--- Provided data Enclosed Below ---

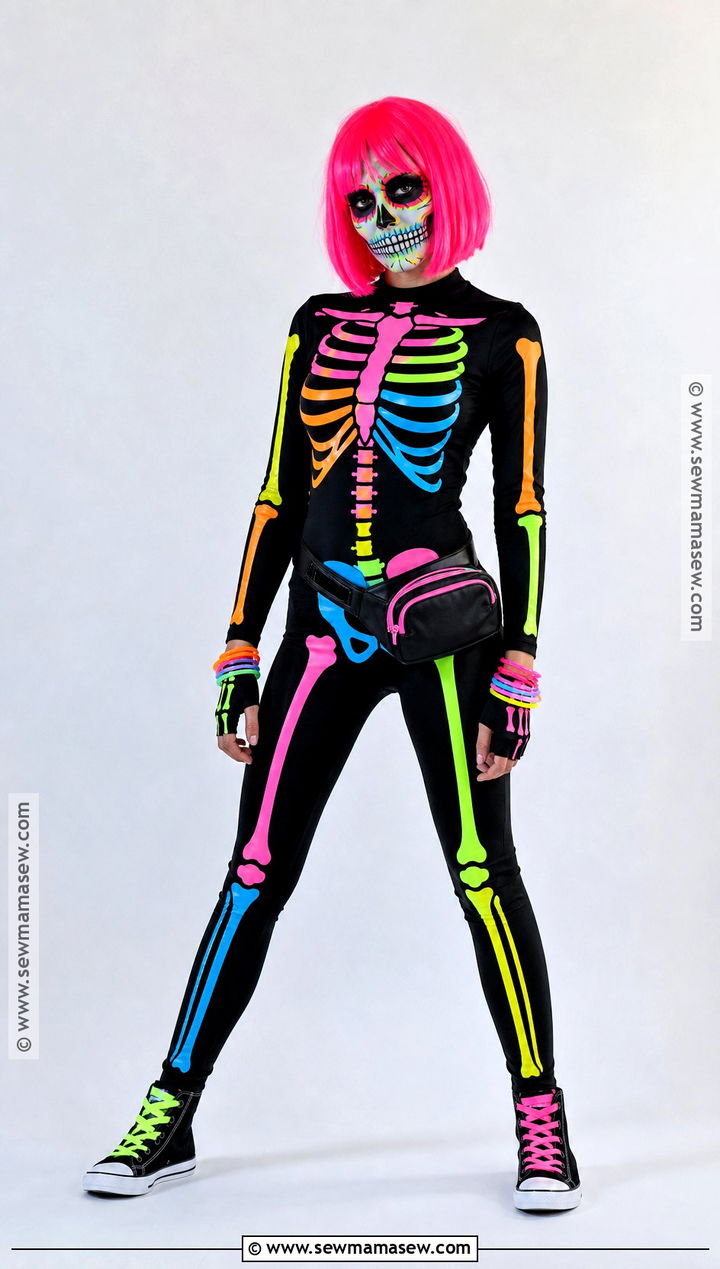 Neon Skeleton Costume - 40 skeleton costume ideas
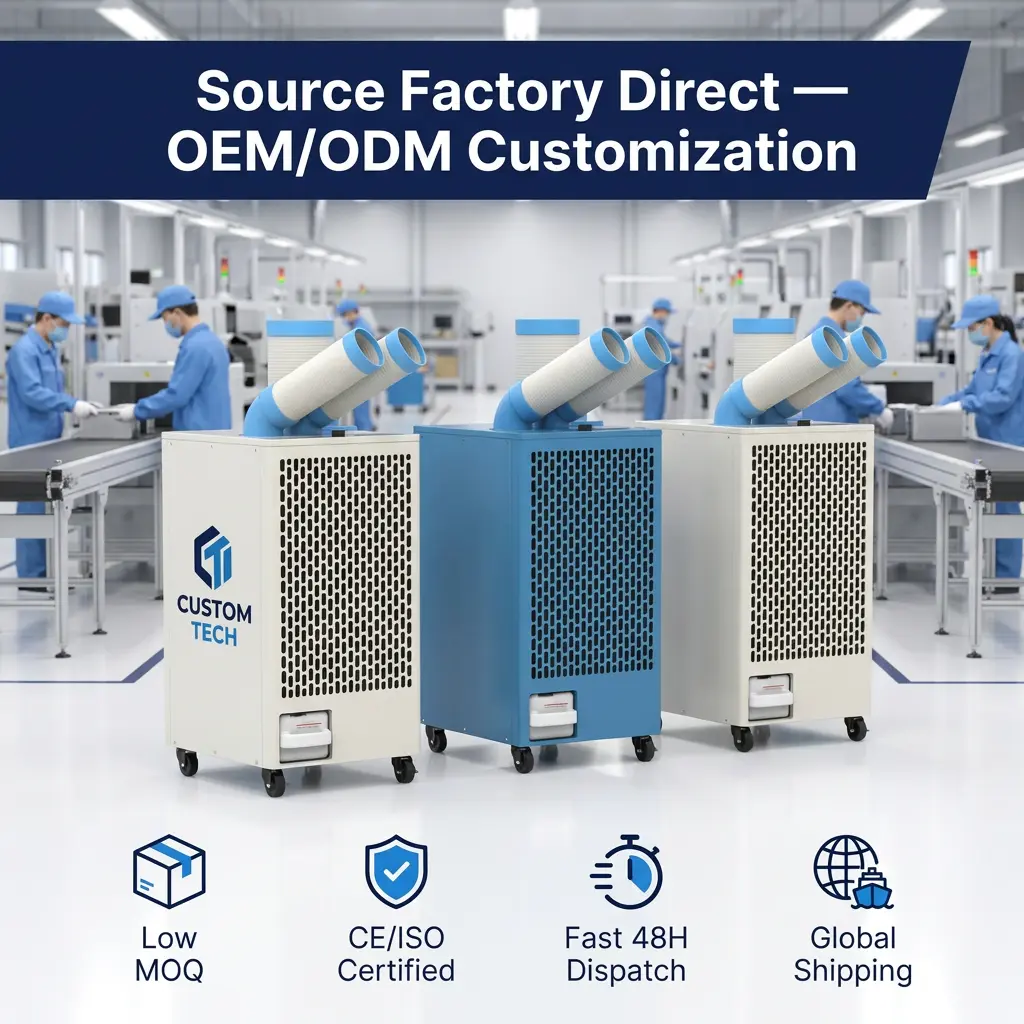 Corp metalic alb OEM 24 7 Conductă dublă Izolare termică la rece Radiator portabil pentru puncte Aer condiționat industrial pentru atelier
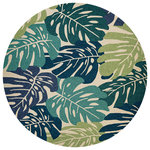 Couristan Inc - Couristan Covington Monstera Indoor/Outdoor Area Rug, Cream-Multi, 7'10" Round - Designed with today's  busy households in mind, the Covington Collection showcases versatile floor fashions with impressive performance features that add to their everyday appeal. Because they are made of the finest 100% fiber-enhanced Courtron polypropylene, Covington area rugs are water resistant and can be used in a multitude of spaces, including covered outdoor patios, porches, mudrooms, kitchens, entryways and much, much more. Treated to prevent the growth of mold and mildew, these multi-purpose area rugs are exceptionally easy to clean and are even considered pet-friendly. An ideal decor choice for families with young children, or those who frequently entertain, they will retain their rich splendor and stand the test of time despite wear and tear of heavy foot traffic, humidity conditions and various other elements. Featuring a unique hand-hooked construction, these beautifully detailed area rugs also have the distinctive aesthetic of an artisan-crafted product. A broad range of motifs, from nature-inspired florals to contemporary geometric shapes, provide the ultimate decorating flexibility.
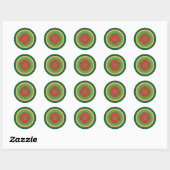 Retro Kerstmis Rood Groen Gestileerde Cirkel Stick Ronde Sticker (Vel)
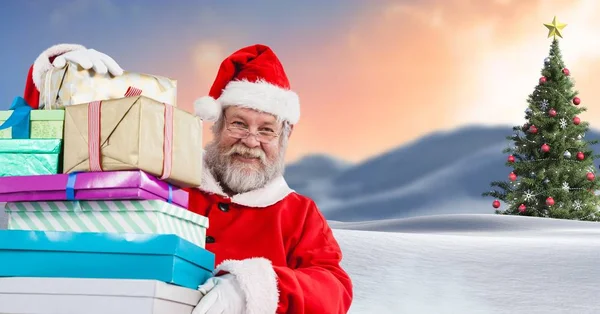 Santa bedrijf geschenken — Stockfoto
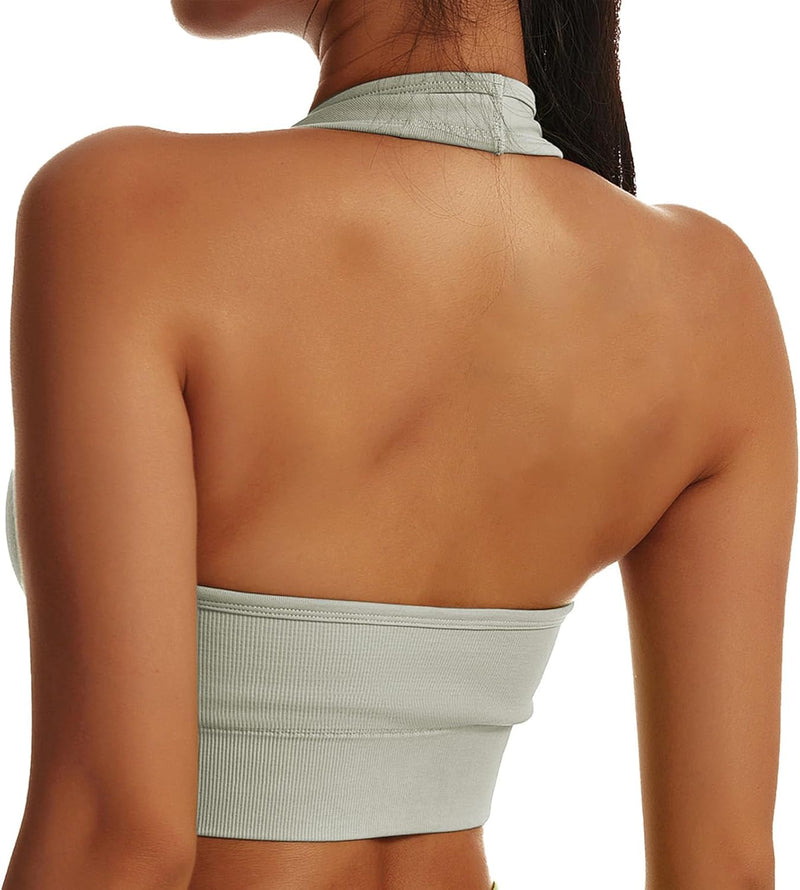 Vertvie Halterneck Sports Bra Backless Fitness Bustier Women's Padded Push Up Bra Without Underwire Sports Bra Top Yoga Bra Medium Support Workout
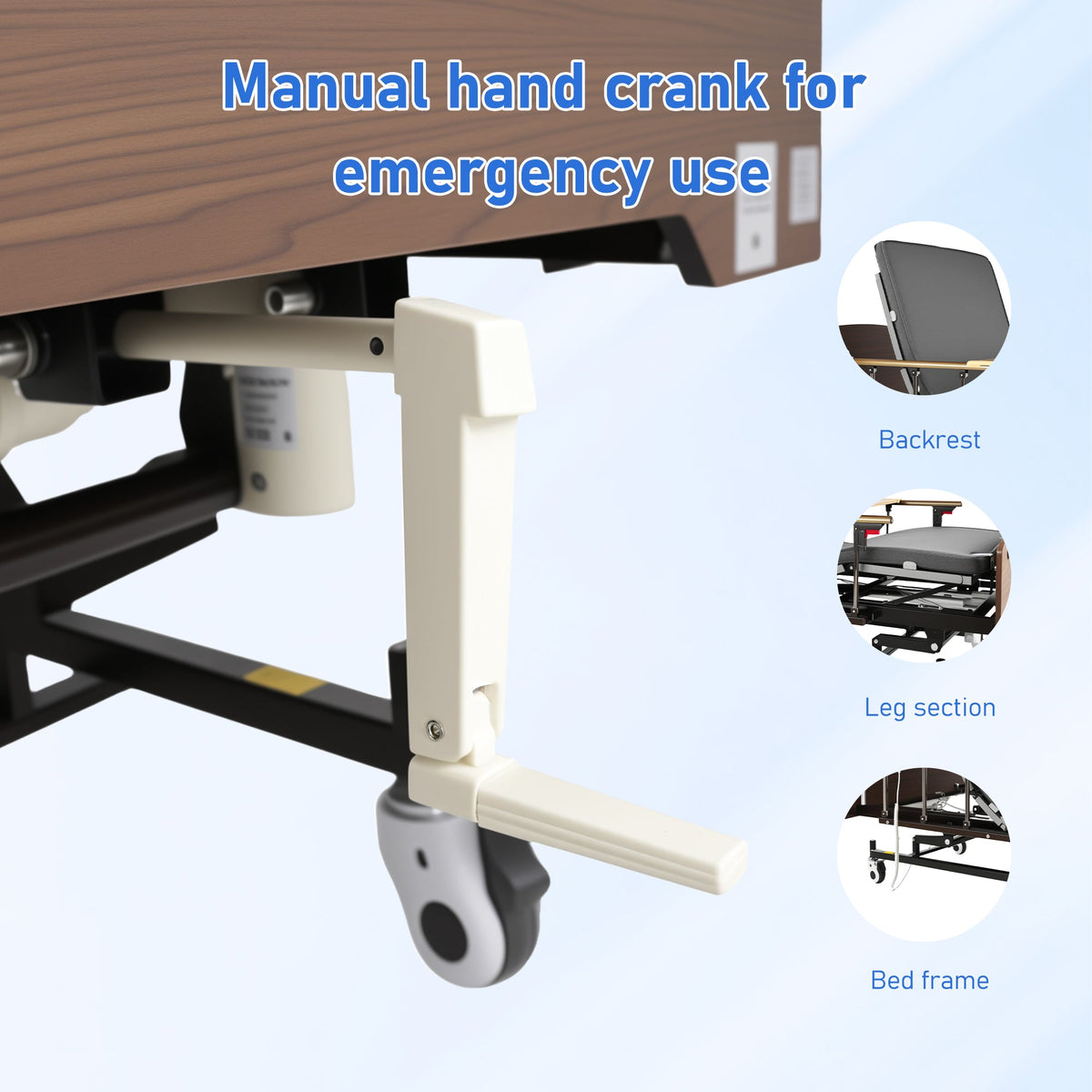 Electric hospital bed for home care by HouseOfZazla; frame with manual hand crank emergency use on Tampa Home & Garden Store
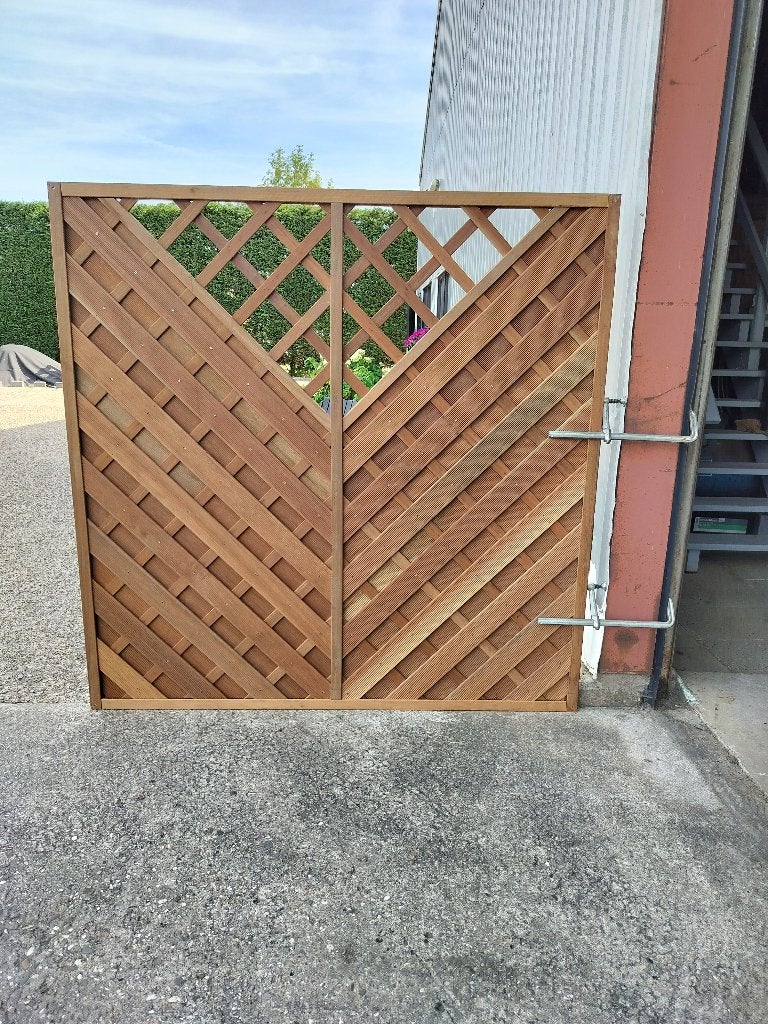 Tuinscherm met trellis, Tuin en Terras, Ophalen, 150 tot 200 cm, Nieuw, 150 tot 200 cm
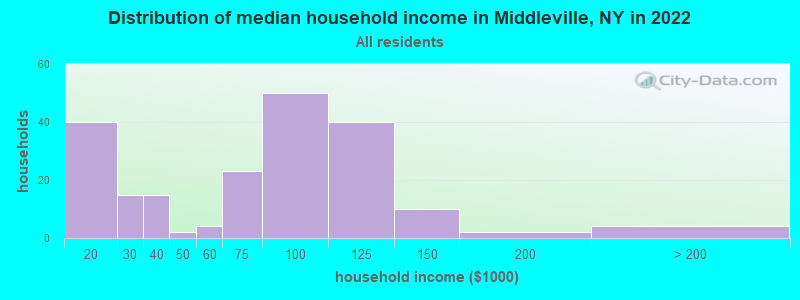 Distribution of median household income in Middleville, NY in 2019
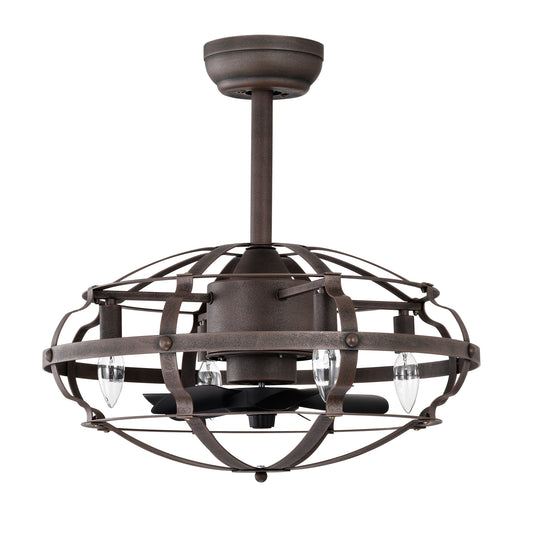 20.63" Rust Red Caged Ceiling Fan with Remote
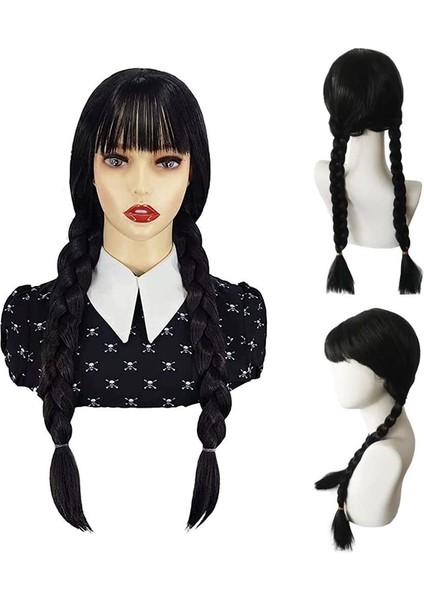 Wednesday Siyah Örgülü Peruk modelleri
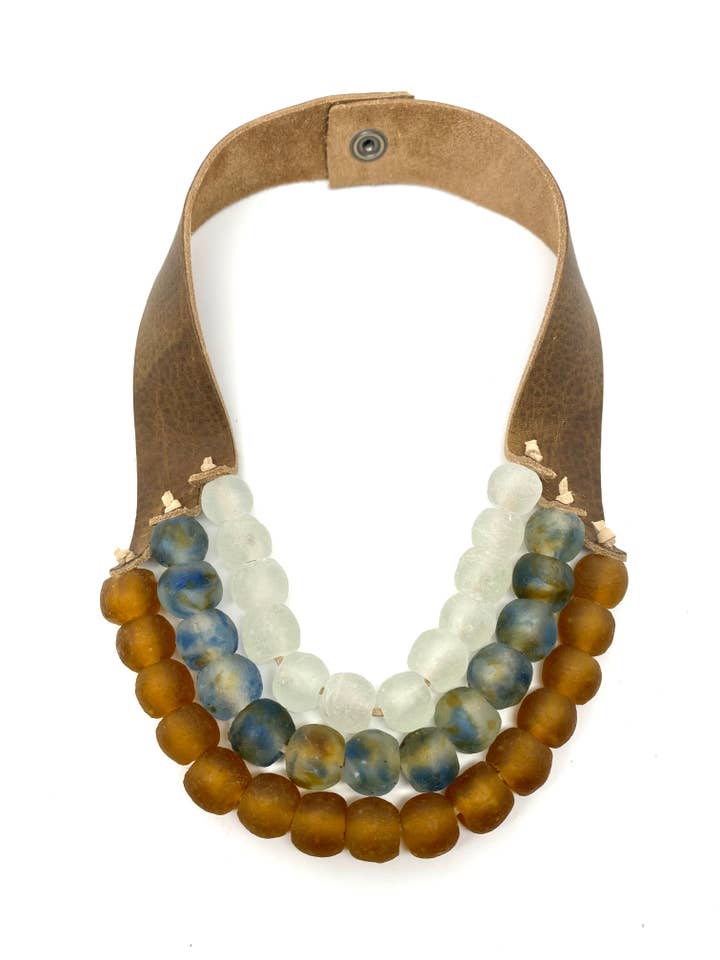 Krobo 3 Strand • Harvest for wholesale by Stephanie Leigh Jewelry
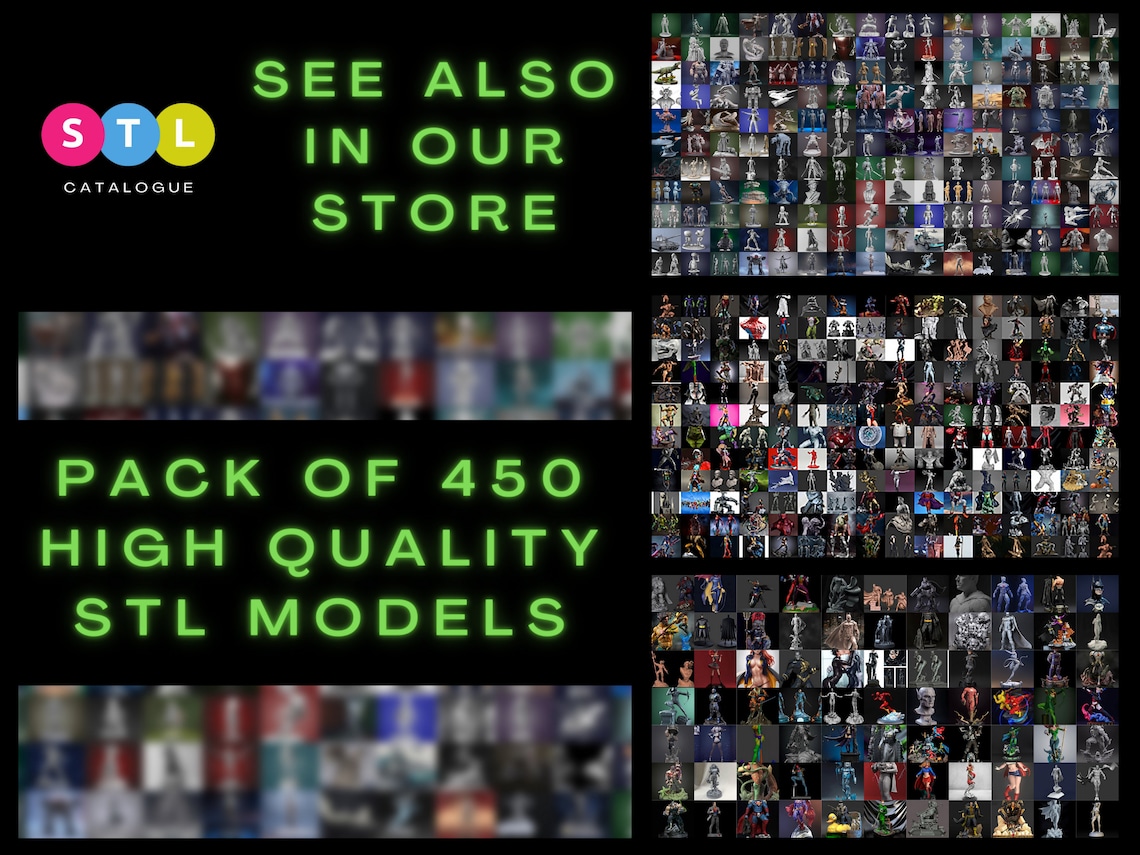 3D Printable Figurines STL File Set STL Mega Pack High Quality Etsy 3D Printable Figurines STL File Set STL Mega Pack High Quality Etsy
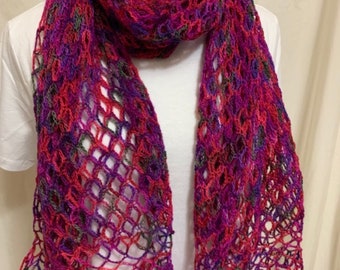Dark Magenta lace wool scarf/wrap with fun ends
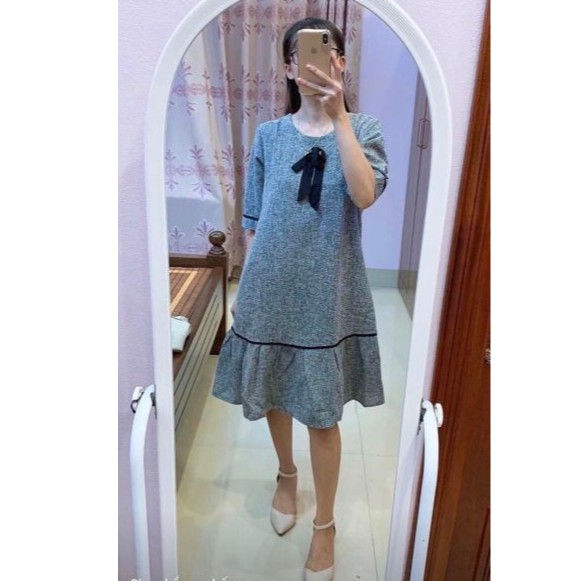 Váy bầu Thu Đông, chất dạ, có nơ cách điệu duyên dáng - 𝐕𝟔𝟕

--- End of Enclosed Provided data ---

Transcribe, word for word, the stretch of lines in the data above from the one with "Krobo 3 Strand" through the one with "Dark Magenta lace"; omit all pictures.

- [Output for this task]
 Krobo 3 Strand • Harvest for wholesale by Stephanie Leigh Jewelry
 3D Printable Figurines STL File Set STL Mega Pack High Quality Etsy 3D Printable Figurines STL File Set STL Mega Pack High Quality Etsy
Dark Magenta lace wool scarf/wrap with fun ends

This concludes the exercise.